Jestem zwykłym niedzielnym pstrykaczem - nie robię i nie wywołuję RAWów. Cała postprodukcja to GIMP, konkretnie kadrowanie i zmniejszenie rozdzielczości pod FB. Tylko tyle i aż tyle.
Jak na razie jestem targetem na sprzęt Canona - budżetowe obiektywy są jakie są, a puszka i tak wyprostuje dystorsję, nim zapisze kadr w jpg-u. Sam już nie wiem, czy to znak naszych czasów, czy cwaniactwo producenta. Na ten moment mnie to nie boli.

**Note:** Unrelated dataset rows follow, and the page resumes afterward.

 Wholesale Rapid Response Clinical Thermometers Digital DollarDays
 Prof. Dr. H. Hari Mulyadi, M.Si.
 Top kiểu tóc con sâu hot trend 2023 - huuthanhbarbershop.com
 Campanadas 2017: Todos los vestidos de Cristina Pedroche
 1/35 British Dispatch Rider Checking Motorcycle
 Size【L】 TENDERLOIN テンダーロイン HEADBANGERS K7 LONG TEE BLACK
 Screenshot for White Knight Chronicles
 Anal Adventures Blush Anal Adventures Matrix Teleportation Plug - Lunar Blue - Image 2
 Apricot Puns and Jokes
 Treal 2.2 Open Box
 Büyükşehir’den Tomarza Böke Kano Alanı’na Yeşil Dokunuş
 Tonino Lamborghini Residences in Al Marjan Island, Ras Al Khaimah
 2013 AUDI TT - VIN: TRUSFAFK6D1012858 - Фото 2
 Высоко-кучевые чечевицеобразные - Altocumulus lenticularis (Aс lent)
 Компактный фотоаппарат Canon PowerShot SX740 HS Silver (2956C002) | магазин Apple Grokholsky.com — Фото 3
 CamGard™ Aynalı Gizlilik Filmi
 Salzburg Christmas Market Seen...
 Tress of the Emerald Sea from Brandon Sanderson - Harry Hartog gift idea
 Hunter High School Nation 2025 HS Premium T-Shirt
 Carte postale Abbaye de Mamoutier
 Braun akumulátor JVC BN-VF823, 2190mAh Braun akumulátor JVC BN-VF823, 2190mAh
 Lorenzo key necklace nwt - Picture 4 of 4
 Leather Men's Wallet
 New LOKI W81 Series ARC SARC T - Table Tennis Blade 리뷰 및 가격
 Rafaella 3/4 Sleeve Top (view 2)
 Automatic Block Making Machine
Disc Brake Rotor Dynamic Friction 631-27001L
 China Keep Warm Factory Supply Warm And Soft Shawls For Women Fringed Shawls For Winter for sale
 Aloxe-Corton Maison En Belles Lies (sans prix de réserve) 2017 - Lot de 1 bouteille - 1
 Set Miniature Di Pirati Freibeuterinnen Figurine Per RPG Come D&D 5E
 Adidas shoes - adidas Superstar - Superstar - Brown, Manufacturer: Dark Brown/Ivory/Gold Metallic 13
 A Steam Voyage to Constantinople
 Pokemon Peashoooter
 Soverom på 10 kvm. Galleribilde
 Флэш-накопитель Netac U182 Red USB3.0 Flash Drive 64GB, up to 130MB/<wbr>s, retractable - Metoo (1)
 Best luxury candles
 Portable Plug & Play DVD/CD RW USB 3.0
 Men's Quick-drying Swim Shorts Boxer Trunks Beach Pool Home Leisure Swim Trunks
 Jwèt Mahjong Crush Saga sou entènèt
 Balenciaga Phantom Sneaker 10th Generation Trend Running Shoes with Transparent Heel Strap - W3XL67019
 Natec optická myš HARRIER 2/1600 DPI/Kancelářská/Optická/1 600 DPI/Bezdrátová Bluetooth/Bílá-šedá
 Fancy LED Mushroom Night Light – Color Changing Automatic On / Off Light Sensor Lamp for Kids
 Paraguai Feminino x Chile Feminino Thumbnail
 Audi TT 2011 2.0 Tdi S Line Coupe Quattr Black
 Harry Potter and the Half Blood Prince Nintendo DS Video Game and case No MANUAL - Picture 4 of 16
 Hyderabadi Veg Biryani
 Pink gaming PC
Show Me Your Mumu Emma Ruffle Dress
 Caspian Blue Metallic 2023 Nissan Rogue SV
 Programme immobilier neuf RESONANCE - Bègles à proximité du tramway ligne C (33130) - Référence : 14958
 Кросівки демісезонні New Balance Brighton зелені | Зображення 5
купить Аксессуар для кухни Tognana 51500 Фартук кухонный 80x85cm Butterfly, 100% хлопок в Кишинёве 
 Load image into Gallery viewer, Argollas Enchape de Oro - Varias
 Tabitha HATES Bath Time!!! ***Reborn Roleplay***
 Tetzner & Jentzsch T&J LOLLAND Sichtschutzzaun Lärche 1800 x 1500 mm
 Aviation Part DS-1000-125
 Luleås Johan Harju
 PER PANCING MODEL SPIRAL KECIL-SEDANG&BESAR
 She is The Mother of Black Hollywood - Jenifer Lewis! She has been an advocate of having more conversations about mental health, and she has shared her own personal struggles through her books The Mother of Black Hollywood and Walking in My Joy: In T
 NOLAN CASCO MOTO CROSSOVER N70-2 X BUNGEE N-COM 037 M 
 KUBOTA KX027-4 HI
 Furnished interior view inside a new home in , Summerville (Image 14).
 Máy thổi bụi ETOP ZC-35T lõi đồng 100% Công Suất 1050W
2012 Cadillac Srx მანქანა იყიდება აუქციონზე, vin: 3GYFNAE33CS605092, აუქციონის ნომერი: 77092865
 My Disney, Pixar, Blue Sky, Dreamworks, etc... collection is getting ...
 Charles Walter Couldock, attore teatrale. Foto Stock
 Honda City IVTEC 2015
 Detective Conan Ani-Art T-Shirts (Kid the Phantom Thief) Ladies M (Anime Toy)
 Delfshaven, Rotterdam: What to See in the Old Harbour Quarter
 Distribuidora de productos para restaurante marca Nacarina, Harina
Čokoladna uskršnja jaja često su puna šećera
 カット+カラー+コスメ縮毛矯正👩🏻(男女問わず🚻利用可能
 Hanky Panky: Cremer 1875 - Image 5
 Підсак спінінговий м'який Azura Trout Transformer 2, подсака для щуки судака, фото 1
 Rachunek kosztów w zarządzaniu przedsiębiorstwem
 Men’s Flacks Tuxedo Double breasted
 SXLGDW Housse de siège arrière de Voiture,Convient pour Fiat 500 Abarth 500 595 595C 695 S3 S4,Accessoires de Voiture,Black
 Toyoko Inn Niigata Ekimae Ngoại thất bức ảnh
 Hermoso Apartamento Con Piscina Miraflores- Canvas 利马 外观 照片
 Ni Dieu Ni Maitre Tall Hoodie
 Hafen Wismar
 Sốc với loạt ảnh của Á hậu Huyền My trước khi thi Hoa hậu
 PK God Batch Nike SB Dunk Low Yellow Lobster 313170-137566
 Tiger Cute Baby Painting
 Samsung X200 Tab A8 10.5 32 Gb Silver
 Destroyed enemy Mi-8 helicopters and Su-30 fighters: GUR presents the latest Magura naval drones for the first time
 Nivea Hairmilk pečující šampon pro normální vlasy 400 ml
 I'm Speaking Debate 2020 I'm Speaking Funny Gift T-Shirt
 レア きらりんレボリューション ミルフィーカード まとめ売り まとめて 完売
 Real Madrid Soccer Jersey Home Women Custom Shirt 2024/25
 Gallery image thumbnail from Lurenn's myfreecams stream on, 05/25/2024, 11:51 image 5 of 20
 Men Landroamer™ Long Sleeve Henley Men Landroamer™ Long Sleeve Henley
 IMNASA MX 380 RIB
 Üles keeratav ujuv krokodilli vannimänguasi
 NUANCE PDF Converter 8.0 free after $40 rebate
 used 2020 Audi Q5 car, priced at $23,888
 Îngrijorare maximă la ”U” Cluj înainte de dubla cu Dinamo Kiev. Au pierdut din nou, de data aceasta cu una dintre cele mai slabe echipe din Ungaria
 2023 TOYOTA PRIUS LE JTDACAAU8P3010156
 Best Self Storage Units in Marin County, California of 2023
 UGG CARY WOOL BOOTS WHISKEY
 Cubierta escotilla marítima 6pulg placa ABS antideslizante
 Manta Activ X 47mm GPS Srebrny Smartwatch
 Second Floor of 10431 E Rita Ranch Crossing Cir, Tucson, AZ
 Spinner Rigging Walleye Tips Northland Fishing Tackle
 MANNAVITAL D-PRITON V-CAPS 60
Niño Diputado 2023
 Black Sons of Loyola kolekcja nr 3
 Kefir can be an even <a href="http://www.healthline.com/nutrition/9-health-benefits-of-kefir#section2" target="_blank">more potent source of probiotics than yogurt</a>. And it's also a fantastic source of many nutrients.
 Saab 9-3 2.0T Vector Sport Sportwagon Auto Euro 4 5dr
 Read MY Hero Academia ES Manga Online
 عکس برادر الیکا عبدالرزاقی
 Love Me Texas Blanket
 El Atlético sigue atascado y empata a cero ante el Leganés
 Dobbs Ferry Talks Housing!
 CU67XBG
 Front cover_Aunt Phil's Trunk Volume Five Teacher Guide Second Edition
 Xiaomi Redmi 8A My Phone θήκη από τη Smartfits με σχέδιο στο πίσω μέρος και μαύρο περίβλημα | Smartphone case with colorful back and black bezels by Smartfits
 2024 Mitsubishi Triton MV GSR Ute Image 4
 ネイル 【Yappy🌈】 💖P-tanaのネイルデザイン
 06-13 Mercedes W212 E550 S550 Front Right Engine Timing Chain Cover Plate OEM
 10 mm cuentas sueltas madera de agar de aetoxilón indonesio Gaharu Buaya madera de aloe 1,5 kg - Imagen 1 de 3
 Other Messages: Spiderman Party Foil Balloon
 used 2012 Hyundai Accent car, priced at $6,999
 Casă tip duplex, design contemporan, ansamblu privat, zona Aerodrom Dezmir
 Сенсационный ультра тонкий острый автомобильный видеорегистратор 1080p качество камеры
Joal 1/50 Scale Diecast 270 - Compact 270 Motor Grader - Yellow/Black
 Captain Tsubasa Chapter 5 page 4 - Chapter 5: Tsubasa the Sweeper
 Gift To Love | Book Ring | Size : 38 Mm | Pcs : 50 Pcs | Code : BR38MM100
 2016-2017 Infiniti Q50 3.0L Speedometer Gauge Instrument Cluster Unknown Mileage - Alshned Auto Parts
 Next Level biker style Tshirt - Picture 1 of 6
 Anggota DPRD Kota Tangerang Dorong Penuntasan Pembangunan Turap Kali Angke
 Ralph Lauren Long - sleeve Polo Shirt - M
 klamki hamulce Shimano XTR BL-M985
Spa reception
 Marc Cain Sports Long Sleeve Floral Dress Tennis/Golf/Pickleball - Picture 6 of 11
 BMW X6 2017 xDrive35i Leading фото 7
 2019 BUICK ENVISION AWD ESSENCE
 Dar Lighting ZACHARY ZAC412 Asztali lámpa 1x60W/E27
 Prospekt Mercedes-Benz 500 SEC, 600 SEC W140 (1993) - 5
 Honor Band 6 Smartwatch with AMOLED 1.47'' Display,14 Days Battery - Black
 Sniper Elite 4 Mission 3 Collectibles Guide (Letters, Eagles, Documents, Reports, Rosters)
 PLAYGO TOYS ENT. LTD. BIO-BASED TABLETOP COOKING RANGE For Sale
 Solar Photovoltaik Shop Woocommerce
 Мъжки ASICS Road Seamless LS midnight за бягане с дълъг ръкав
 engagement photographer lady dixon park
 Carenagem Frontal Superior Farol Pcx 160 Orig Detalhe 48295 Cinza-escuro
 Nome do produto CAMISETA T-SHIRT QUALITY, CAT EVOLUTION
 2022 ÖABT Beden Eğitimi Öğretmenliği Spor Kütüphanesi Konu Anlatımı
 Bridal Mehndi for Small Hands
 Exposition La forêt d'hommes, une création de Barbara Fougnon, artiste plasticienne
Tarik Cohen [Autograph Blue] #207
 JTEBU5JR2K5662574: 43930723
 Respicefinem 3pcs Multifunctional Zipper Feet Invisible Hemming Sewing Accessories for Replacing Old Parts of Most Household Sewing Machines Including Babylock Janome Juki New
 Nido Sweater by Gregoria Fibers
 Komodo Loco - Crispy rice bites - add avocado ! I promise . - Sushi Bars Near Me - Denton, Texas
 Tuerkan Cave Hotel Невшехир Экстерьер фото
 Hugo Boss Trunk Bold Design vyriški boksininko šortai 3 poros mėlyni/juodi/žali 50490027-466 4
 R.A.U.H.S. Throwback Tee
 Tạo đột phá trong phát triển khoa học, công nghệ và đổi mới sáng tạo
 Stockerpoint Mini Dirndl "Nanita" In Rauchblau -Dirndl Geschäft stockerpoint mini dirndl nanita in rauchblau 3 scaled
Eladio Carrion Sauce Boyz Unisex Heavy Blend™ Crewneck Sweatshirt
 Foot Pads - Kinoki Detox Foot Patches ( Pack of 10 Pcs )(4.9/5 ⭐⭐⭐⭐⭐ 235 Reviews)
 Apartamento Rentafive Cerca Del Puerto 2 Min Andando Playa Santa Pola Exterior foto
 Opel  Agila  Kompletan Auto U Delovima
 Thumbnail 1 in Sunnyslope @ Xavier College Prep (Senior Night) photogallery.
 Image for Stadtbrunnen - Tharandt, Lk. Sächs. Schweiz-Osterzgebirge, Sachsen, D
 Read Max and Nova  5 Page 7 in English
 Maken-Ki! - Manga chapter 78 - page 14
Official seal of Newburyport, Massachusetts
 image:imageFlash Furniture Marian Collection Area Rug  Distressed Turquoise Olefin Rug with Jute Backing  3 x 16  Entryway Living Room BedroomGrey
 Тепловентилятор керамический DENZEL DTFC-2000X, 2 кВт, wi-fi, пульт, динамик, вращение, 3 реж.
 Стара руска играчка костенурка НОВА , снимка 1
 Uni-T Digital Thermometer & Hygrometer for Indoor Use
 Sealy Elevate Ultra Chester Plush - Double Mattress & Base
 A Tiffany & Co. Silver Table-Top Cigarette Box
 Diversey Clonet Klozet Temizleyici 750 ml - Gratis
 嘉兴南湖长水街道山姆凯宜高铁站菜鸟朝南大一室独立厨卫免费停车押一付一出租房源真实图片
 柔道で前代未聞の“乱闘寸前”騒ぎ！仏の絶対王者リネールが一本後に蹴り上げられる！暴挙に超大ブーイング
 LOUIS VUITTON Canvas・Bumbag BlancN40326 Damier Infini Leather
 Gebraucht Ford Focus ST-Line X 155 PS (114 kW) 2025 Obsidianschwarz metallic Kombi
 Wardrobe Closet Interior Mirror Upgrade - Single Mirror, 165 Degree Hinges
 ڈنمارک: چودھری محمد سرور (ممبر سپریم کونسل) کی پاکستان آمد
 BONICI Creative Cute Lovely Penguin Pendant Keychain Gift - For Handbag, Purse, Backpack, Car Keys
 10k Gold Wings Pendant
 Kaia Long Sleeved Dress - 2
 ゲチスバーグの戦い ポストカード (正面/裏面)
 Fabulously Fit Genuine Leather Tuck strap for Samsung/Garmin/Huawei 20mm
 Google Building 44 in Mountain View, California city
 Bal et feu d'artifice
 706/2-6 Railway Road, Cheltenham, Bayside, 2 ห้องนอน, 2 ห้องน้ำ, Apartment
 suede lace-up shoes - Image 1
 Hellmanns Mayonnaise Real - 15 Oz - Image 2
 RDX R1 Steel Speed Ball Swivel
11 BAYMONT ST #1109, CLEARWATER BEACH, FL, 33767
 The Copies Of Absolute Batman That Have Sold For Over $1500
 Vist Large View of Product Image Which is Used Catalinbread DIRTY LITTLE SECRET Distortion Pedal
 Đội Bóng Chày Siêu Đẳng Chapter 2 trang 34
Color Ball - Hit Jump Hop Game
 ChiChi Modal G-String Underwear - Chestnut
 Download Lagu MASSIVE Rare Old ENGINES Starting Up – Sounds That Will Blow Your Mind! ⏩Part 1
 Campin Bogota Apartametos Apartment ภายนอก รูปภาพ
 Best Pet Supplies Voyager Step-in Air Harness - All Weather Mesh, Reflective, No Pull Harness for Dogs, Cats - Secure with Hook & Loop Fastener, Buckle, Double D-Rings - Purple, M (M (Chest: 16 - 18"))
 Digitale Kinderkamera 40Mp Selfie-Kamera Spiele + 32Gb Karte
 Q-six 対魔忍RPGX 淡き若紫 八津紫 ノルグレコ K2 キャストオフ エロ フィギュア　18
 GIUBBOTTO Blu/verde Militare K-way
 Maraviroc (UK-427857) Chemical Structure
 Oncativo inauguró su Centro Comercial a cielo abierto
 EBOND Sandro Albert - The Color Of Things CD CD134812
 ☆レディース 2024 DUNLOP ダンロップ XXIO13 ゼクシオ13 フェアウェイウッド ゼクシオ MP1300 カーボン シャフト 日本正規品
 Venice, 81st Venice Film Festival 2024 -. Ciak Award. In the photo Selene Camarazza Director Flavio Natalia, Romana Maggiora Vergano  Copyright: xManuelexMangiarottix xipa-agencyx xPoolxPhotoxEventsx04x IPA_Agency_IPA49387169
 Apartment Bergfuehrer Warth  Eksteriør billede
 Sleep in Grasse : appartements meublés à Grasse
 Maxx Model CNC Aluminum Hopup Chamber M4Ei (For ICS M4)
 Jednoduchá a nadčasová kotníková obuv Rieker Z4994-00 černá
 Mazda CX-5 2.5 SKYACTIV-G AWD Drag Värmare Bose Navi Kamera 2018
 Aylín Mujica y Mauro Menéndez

Gdybym chciał się jednak pobawić w prostprodukcję RAW (tyle piszecie o Lr/LrC), to optycznie też mi to chyba nie zrobi różnicy, gdyż wyprostuję profilem i będzie git.
Czyli co - jak dla mnie WIN/WIN?
PS
Podpowiedzcie proszę, jaki soft do postprodukcji (mam tu na myśli m.in. edycję profilem dedykowanym pod dany obiektyw) jest w rozsądnych pieniądzach. Nie szukam żadnego planu, chciałbym zapłacić jakieś drobne i używać, być może się w to wkręcę. A może nie. Istnieje jeszcze taki na rynku?